### Assigned task
Find "Vintage Brass Ram" and "Top soporte medio" in the records below. Copy the lines holding them and every line between, exactly, and no others.

### Extracted data
==================================================
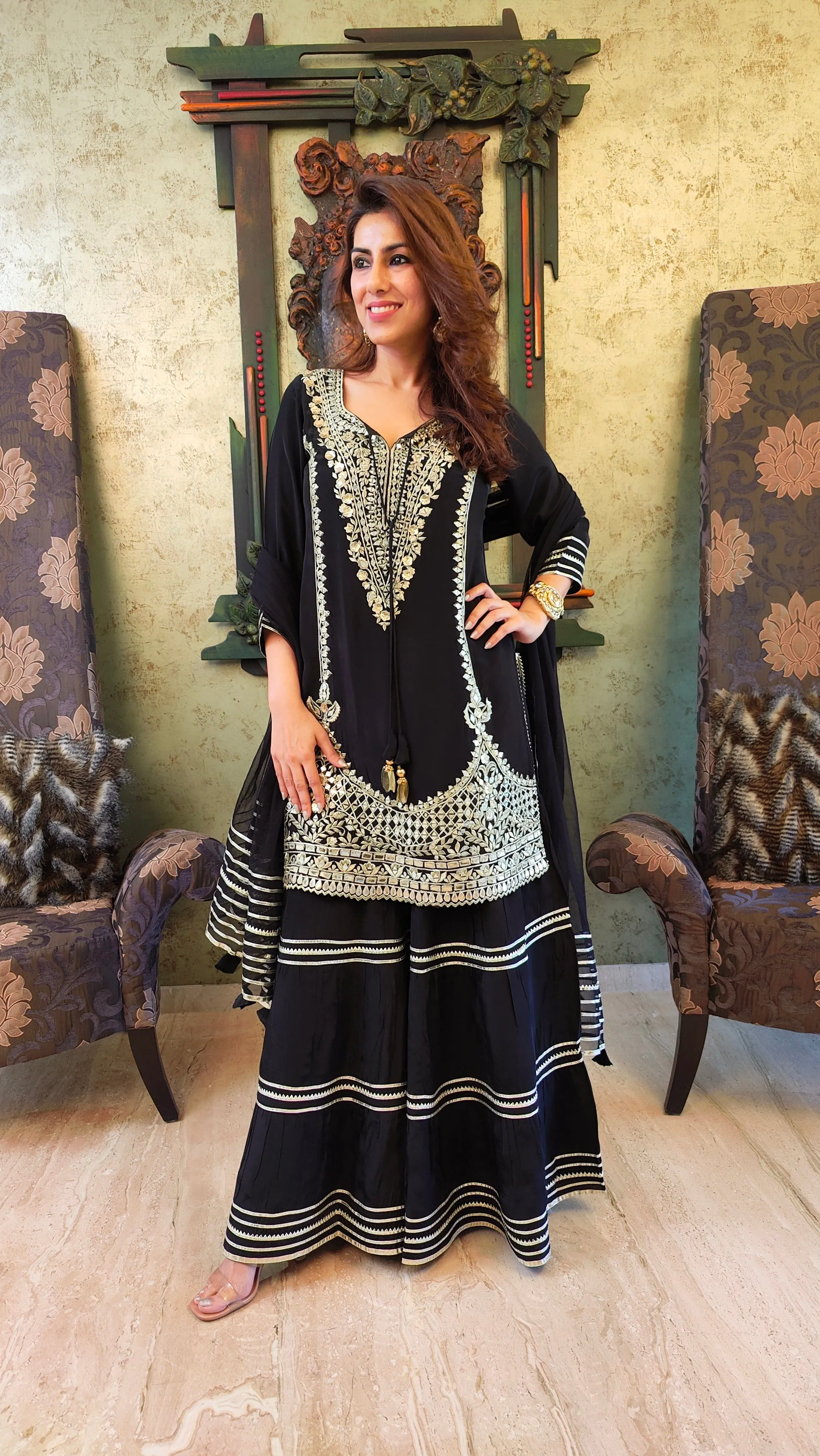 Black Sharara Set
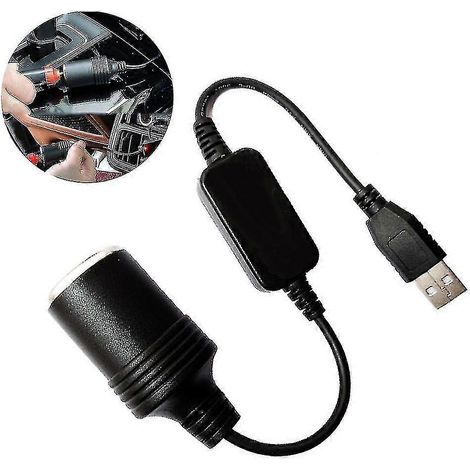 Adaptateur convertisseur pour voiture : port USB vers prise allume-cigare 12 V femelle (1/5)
==================================================
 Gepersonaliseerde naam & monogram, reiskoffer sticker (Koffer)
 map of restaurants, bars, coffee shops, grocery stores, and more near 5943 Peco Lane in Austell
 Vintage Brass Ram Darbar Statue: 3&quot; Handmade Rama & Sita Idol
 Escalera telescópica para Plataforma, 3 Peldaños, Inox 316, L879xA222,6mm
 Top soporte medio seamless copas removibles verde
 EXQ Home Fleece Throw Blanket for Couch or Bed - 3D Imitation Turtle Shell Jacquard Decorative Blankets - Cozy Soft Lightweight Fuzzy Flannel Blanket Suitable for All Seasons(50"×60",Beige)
==================================================
### Expected output
 Vintage Brass Ram Darbar Statue: 3&quot; Handmade Rama & Sita Idol
 Escalera telescópica para Plataforma, 3 Peldaños, Inox 316, L879xA222,6mm
 Top soporte medio seamless copas removibles verde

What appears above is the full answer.